## [What is expected]
Your task is to transcribe the records exactly, skipping every image.

(Data)

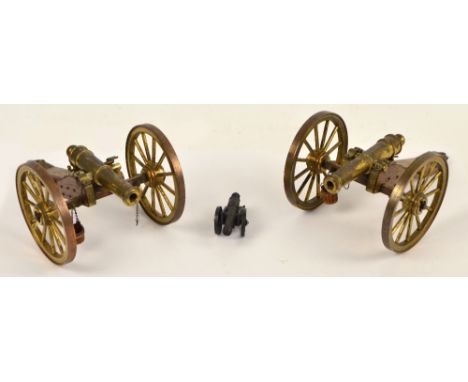 A pair of brass and wooden model cannon, length 20cm and a small modern cannon (3).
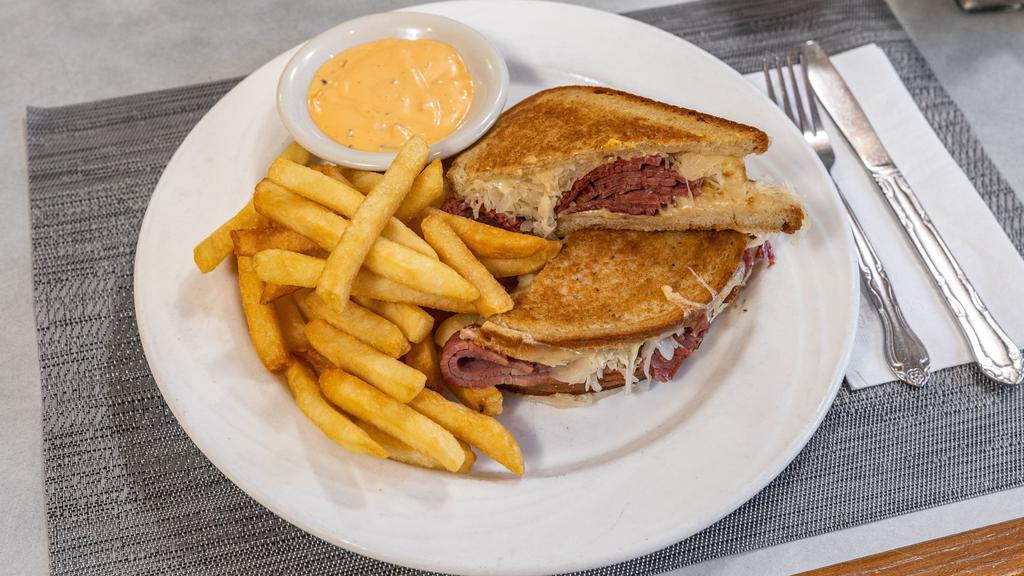 Reuben Burger · Topped with melted Swiss cheese, pastrami, sauerkraut, and Russian dressing.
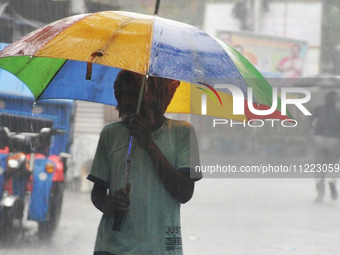 A man is holding umbrellas as he walks in the monsoon rain in Kolkata, India, on May 9, 2024. (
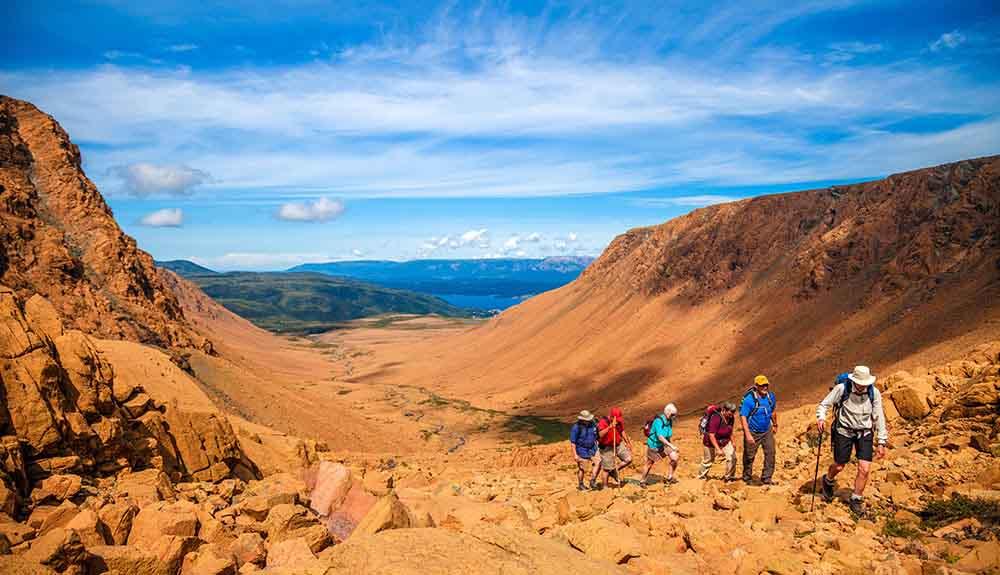 A group of hikers hiking up a rocky mountain.
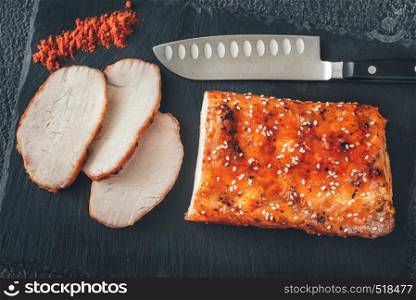 Baked meat with paprika on the black sone board: top view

(End Data)

## [Response box]
 A pair of brass and wooden model cannon, length 20cm and a small modern cannon (3).
 Reuben Burger · Topped with melted Swiss cheese, pastrami, sauerkraut, and Russian dressing.
 A man is holding umbrellas as he walks in the monsoon rain in Kolkata, India, on May 9, 2024. (
 A group of hikers hiking up a rocky mountain.
 Baked meat with paprika on the black sone board: top view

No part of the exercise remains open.